Figure 4: Two alternative investment portfolios based on the Toronto Stock Exchange index and active either during Democratic presidencies or during Republican presidencies, 1953-2012.


For years, the Canadian public has expressed a clear preference for Democratic candidates in U.S. presidential elections. For years also, Canadians have been told by very serious people that this preference is irrational. Well, maybe it’s not. I am not making the case that all of Canada’s fortunes or misfortunes are determined inside the Washington beltway. After all, what would our own political life be if we couldn’t credit ourselves for our economic successes and blame our own federal or provincial politicians for our failures? If anything, the simple empirical tests reported in this article plainly show that Republican administrations in Washington are not better for Canada than Democratic ones, even from a strictly economic perspective. Whether and to what extent Democratic policies are uniformly favourable to all regions and sectors of the Canadian economy at all times remains open to debate, but I hope that readers of this article will pardon me if, in the future, I become slightly impatient when I hear that the preference of the Canadian public for a Democratic presidential candidates is “economically irrational.”

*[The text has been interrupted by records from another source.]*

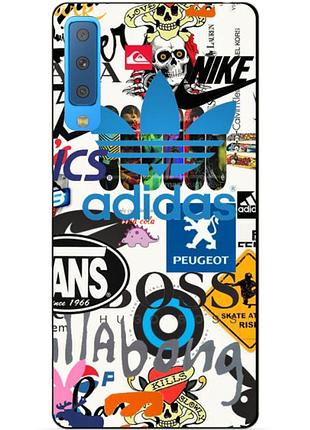 Силіконовий бампер чохол для samsung a7 2018 galaxy a750 з малюнком стікери adidas
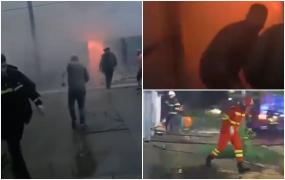 A ars de viu, după ce casa în care se afla a fost cuprinsă de flăcări în Brăila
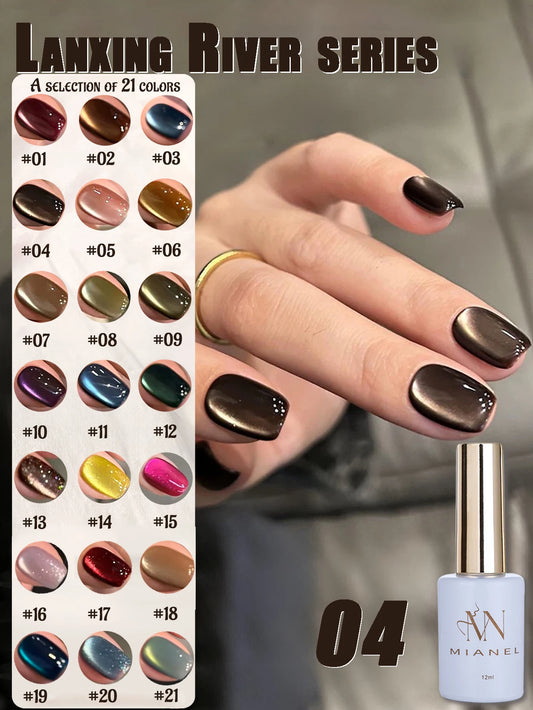 MIANEL 12ML/PCS Autumn Maillard Black Brown Cat Eye Gel Nail Polish Black Nails Christmas Nails Halloween Nails 2025 New Style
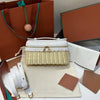 Handwoven Rattan and Leather Crossbody Summer Bag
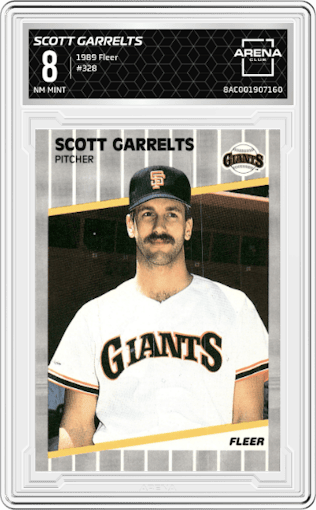 Scott Garrelts from the 1989 Fleer set graded by Arena Club and given an overall grade of 8.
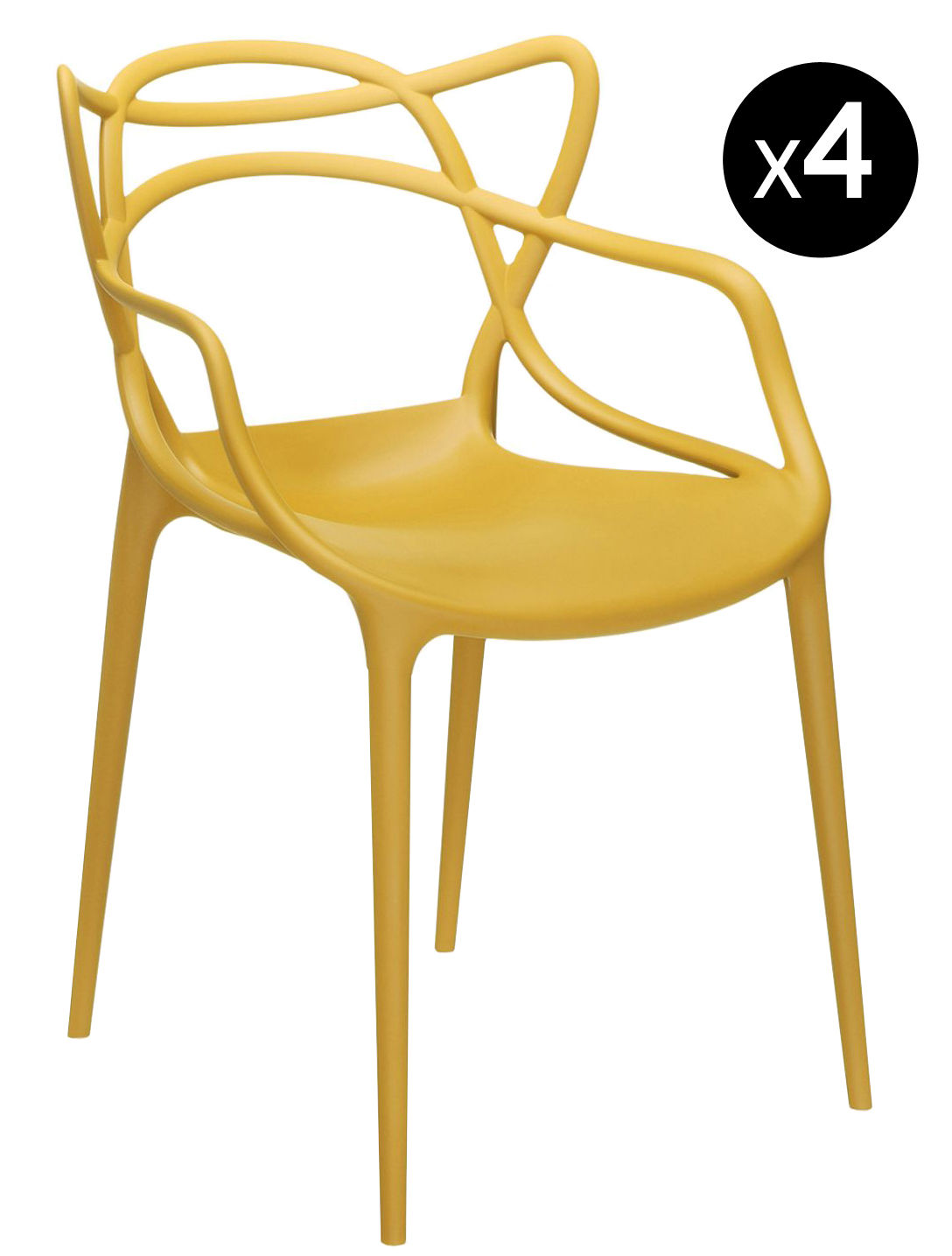 Fauteuil empilable Masters Kartell Jaune Made In Design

The party that controls Washington and the policies it implements to steer the massive U.S. economy have effects on that country’s largest trading partner and, we like to think, closest ally. What is also clear, however, is that when we try to assess this effect, we often pay too much attention to the “trees” of trade policy and not enough attention to the “forest” of macroeconomic policies, which ultimately matter much more for the health of Canada’s economy as a whole. Yes, Democratic presidents and their political allies in Congress often make protectionist noises that Canadian exporters do not like to hear. But they also tend to implement policies that favour strong broad-based demand in the U.S. economy, and if demand for their products and services dries up south of the border, whether Congress emits protectionist noises becomes a secondary concern for Canadian businesses and their workers.

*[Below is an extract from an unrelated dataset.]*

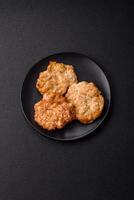 Delicious fried pork or chicken chops breaded with salt and spices photo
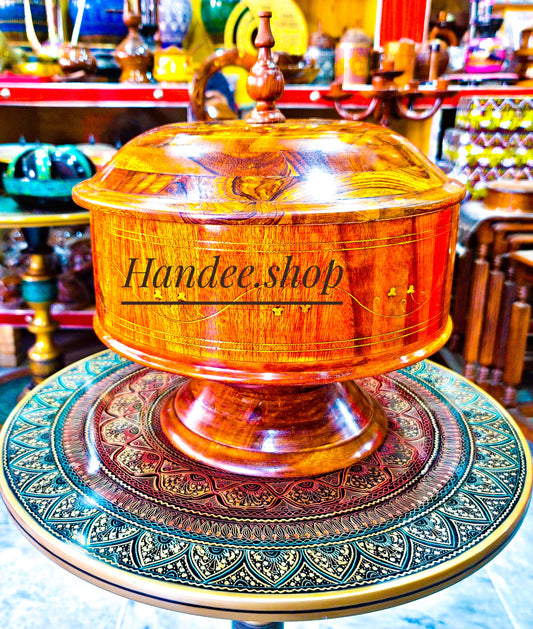 Wooden Hotpot topped With Brass Work With inner Steel Bowl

This does not, however, alter the basic notion that the preference of Canadians for Barack Obama and his party stems from the fact that the Democrats’ values are closer to their own. This is all the more true in 2012, as the choice that Americans have to make between two contrasting and contending visions of their future is starker than it has been in several decades. It is telling, given the dismal level of support for Mitt Romney north of the border, that a fair proportion of Canadian small-c or large-C conservatives does not approve of the recent turn of the republican party away from the communitarian tradition of American conservatism and toward radical individualism, deepening inequalities, and a devotion to unfettered, winner-takes-all capitalism.

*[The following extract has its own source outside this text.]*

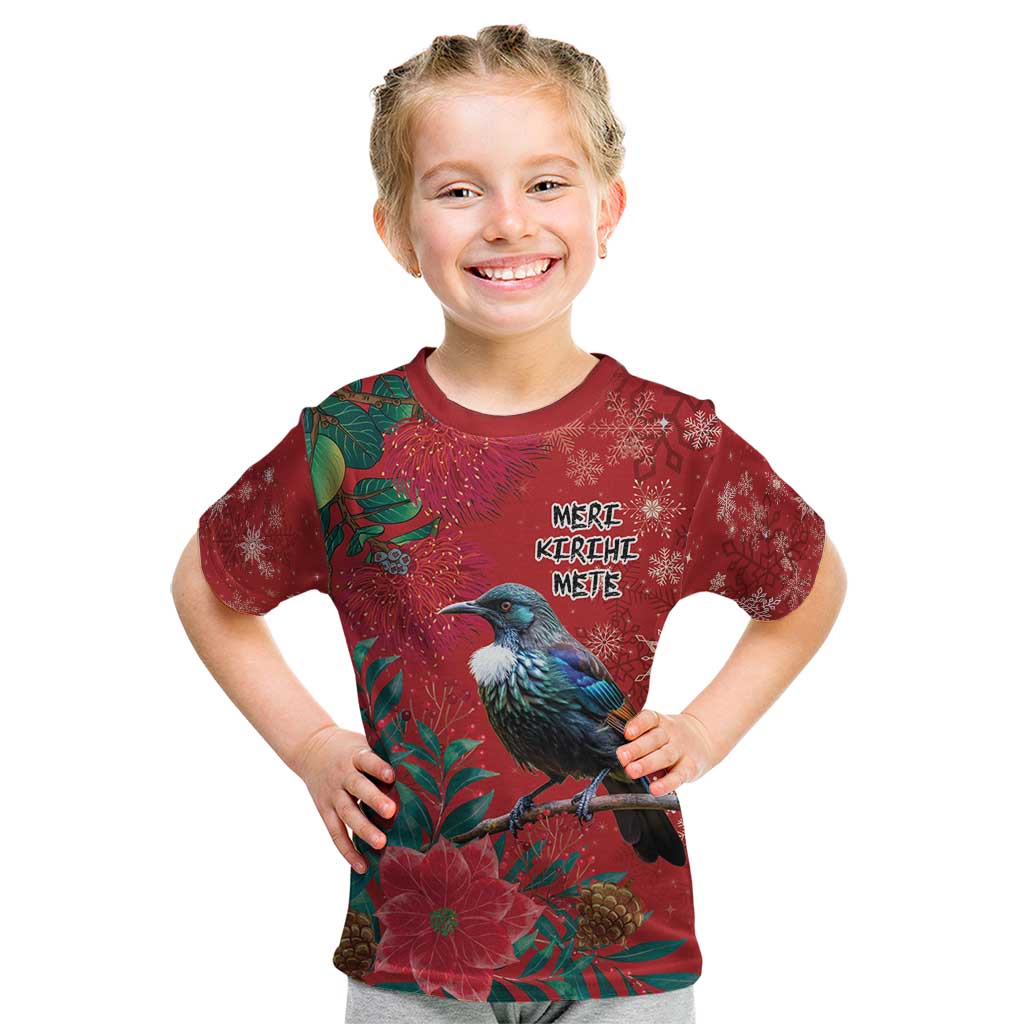 Tui Meri Kirihimete Personalised Kid T Shirt Pohutukawa Flowers Red Motif - Polynesian Pride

When all is said and done, the real reason why this election is important for us north of the border has little to do with our narrowly defined economic interest. Two starkly different visions of society, the economy, the environment, and foreign policy are at stake in this year’s U.S. election. The choice that our American friends make in November 2012 will inevitably affect the world we live in and the shape of our own society in the future. That’s why their choice matters to us, and that’s why we should care.